Heart Smart

By Matthew Devane

John Wiley & Sons

ISBN: 0-471-74692-4

Chapter One

Heart Attack!

Know the Warning Signs to Save Your Life

Robert was only fifty-two years old when he died. His wife was still in shock shortly after his death when she told me what had happened.

I knew something was wrong when Robert came inside after cutting the grass. He was pale, sweating like crazy, and had left the lawn mower running outside. He just plopped down on the couch and asked me to get him a glass of water.

Those were his last words to me. By the time I came back just a few minutes later he was dead.

Robert's tragic story is by no means unique. Three hundred thousand Americans die within the first hour of the onset of a heart attack each year.

But many deaths could be prevented if the victims knew what to do and immediately took action. If Robert was anything like most of my patients in their fifties, he probably kept mowing the lawn for another five, ten, or even fifteen minutes after his chest pain started. If he had recognized the early warning signs of a heart attack and called 911 immediately, there is a good chance the paramedics would have gotten to his house in time to save his life.

What Exactly Is a Heart Attack?

A heart attack, or myocardial infarction, occurs when the supply of blood and oxygen to a part of your heart muscle becomes blocked. The blockage is caused by a combination of clot and cholesterol inside your heart artery. Since your heart muscle requires a constant supply of fresh blood and oxygen to keep pumping blood to every part of your body, a heart attack is a life-threatening event.

When blood and oxygen are abruptly cut off during a heart attack, the heart reacts badly.
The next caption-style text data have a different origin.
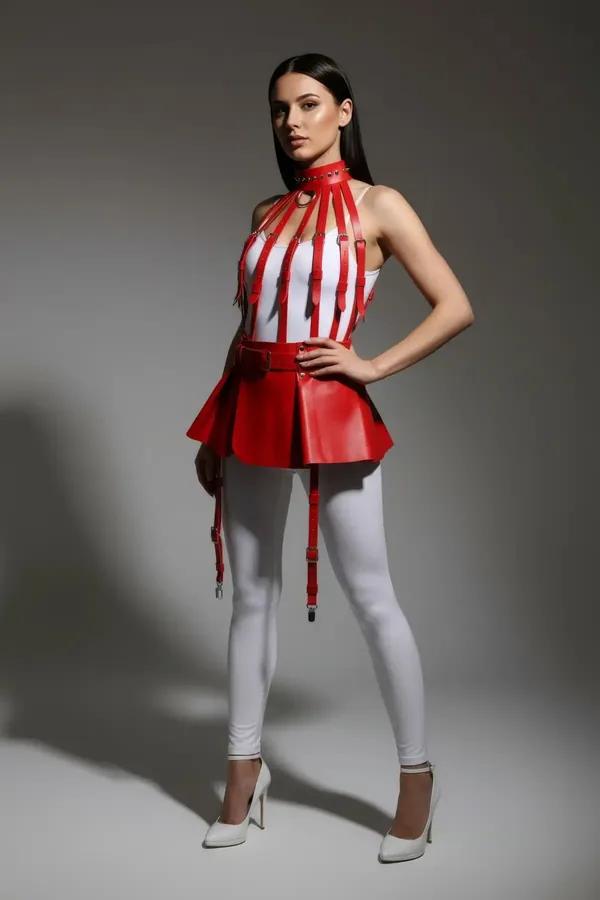 red faux leather cage harness with flared peplum skirt and four garter straps, silver O-ring hardware, high halter collar
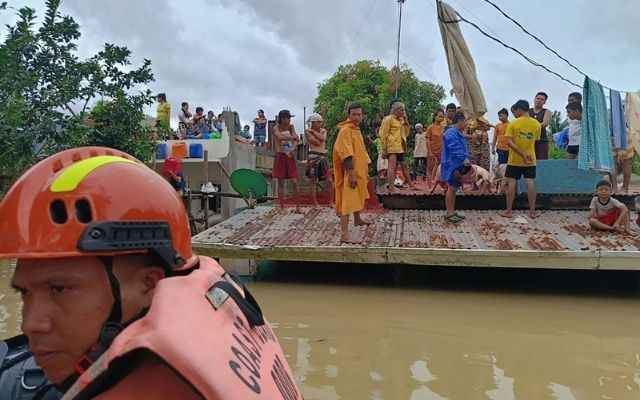 Residents stand on the rooftops of their inundated houses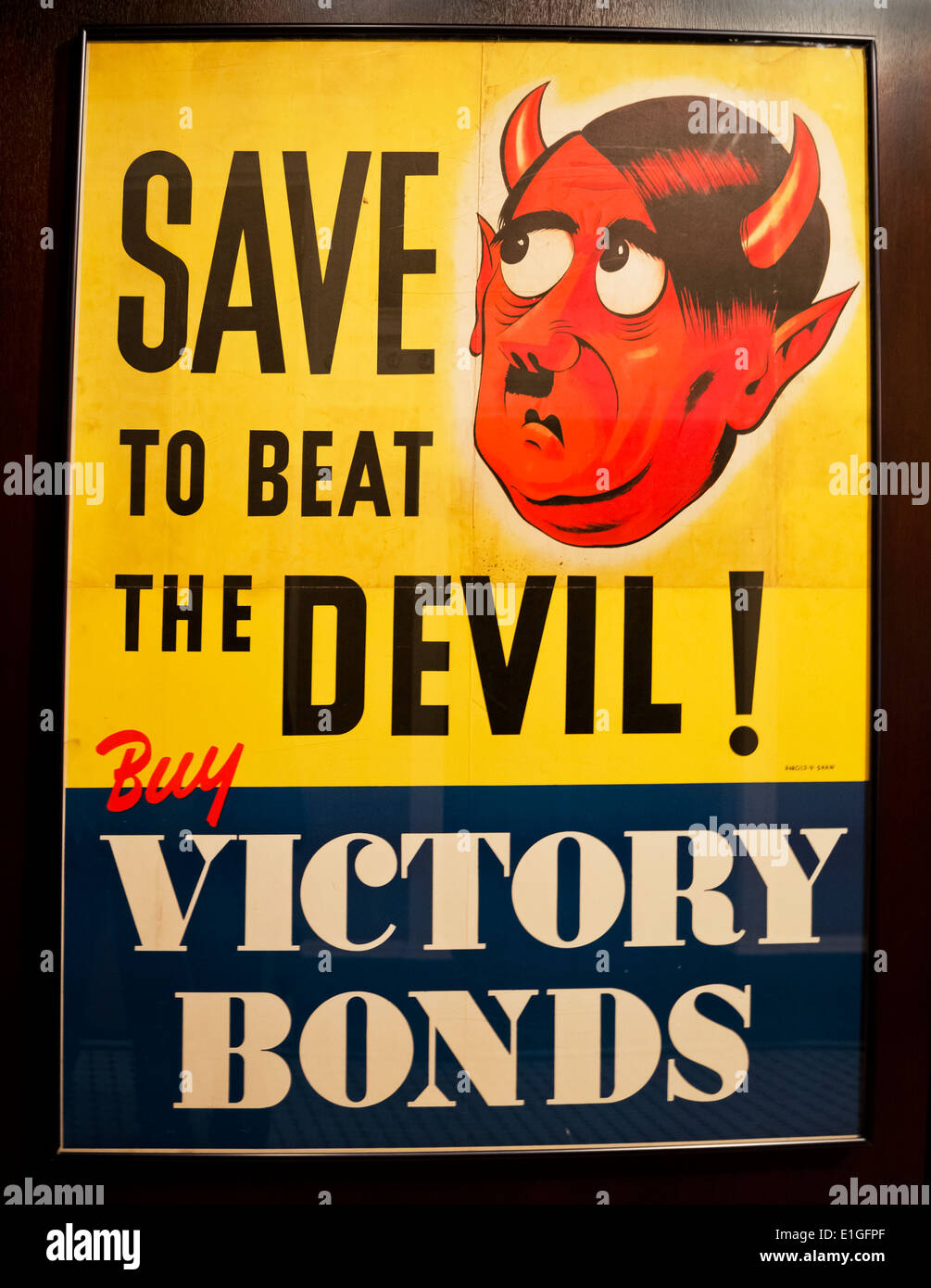 Canadian World War II poster:  'Save to Beat the Devil:  Buy Victory Bonds'. Featuring Hitler as the devil. Stock Photo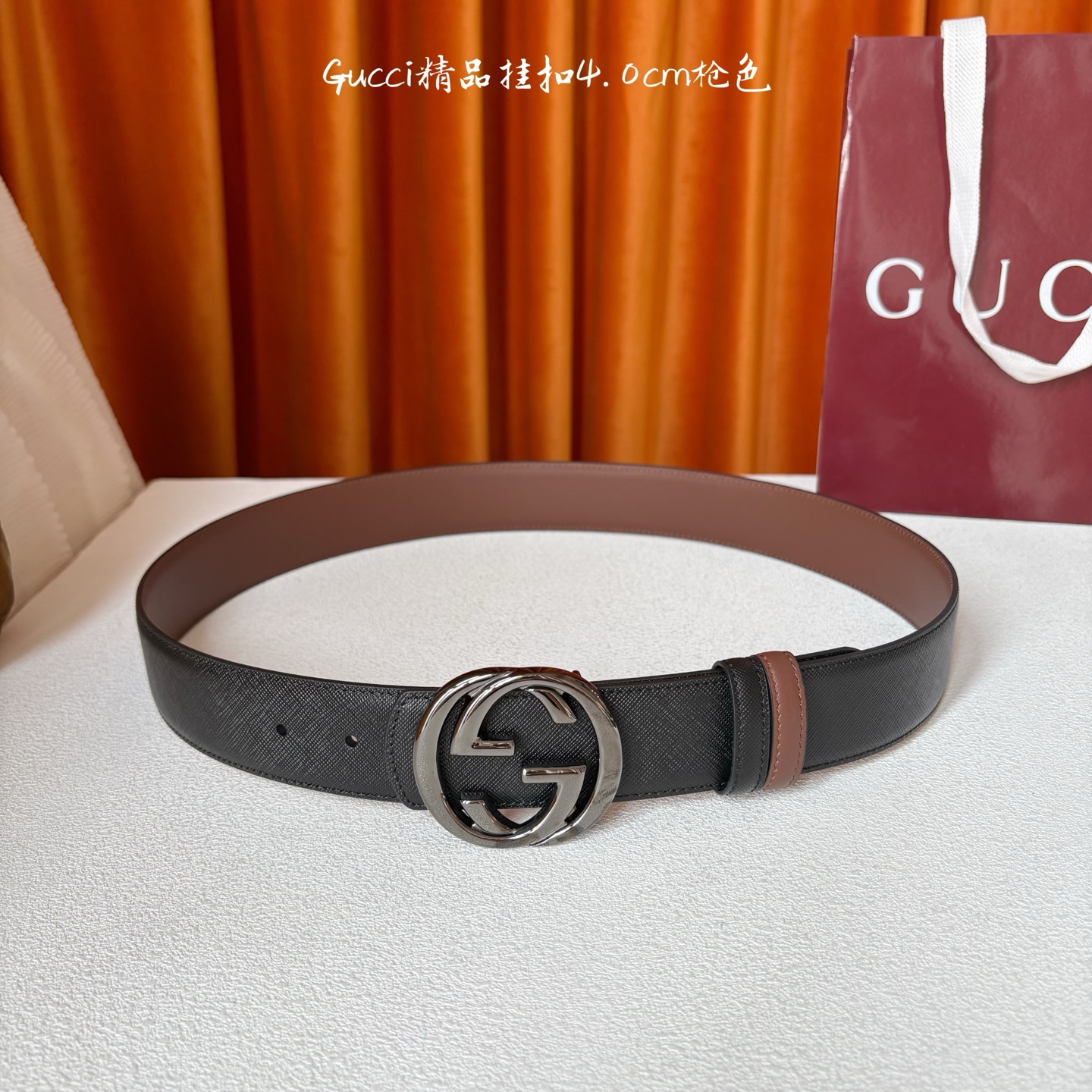 Gucci这款腰带一面为黑色粒面牛皮革，另一面为深棕色牛皮革，搭配可拆卸互扣式双G造型腰带扣，宽4.0c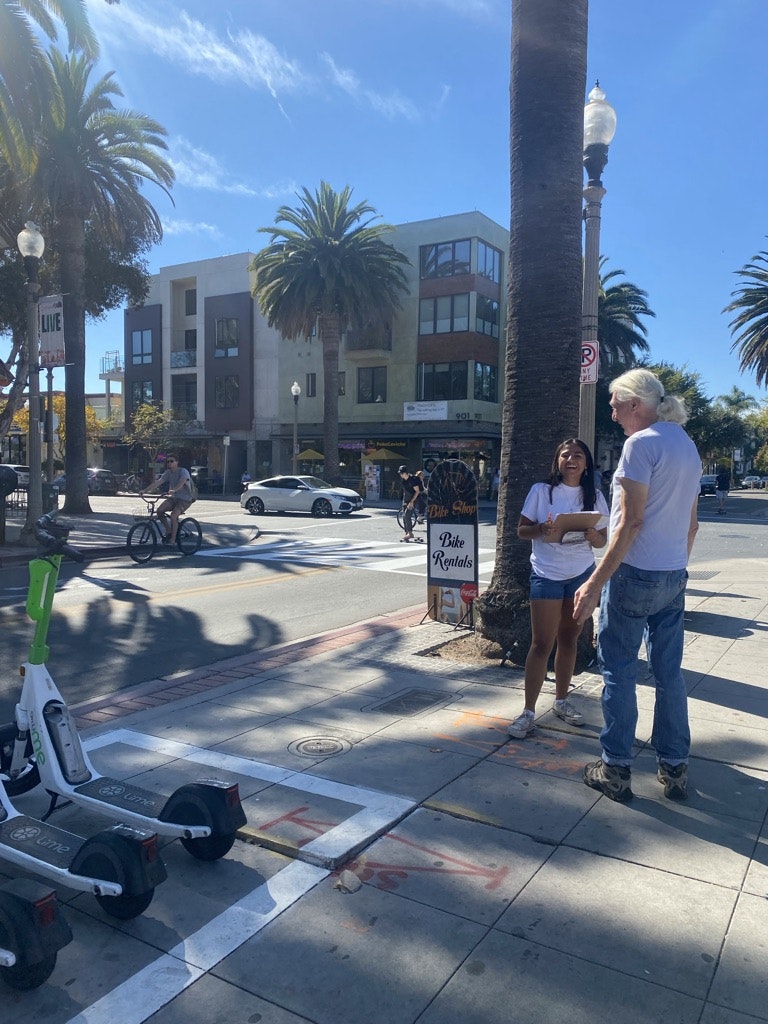 May contain: street, city, urban, road, palm tree, tree, plant, path, pants, clothing, neighborhood, teen, girl, female, person, e-scooter, vehicle, transportation, sidewalk, jeans, car, shorts, bicycle, shoe, footwear, wheel, and machine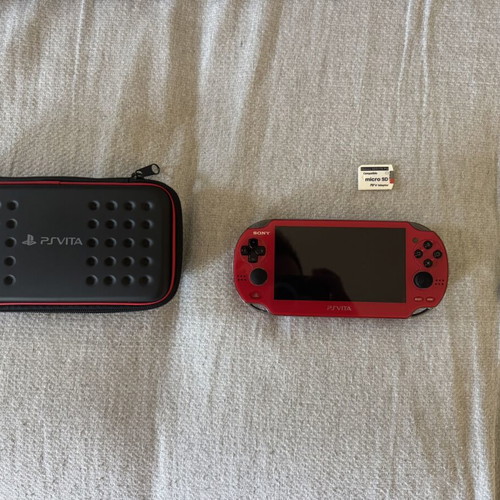 Sony PlayStation Vita 1000 like new with OLED screen and 128GB SD card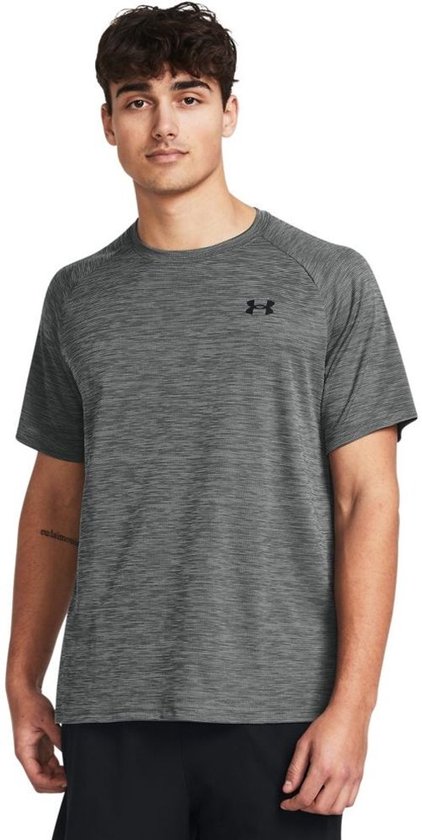 Man draagt grijs sportshirt met subtiel streepmotief en zwart Under Armour logo.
In fact, if it goes without blood and oxygen for more than about ten or fifteen minutes, the heart muscle begins to die. If the blocked heart artery is not treated and opened quickly, the affected part of the heart muscle dies and is permanently replaced by scar tissue, preventing it from functioning fully.

Heart attacks can lead to dangerous arrhythmias and congestive heart failure, and can even result in sudden cardiac death.

Small vs. Large Heart Attack

When it comes to heart attacks, size matters. The size and extent of your heart attack help determine your prognosis.

Two major factors decide whether you had a large heart attack or a small one: the location of the blockage and the duration of the blockage.

Location, Location, Location

The location of the clot plays a big role in determining the size and severity of a heart attack. Clots that occur in larger vessels and clots that occur farther upstream in your heart artery lead to a larger heart attack and more damage. If the blockage takes place in a smaller branch vessel, only a small part of the heart muscle will be affected.

Blockage Duration

The second factor that determines the size and severity of your heart attack is how long the artery is blocked. The longer the artery remains choked off, the more heart damage is done. This is the reason you must act so quickly at the first sign of trouble.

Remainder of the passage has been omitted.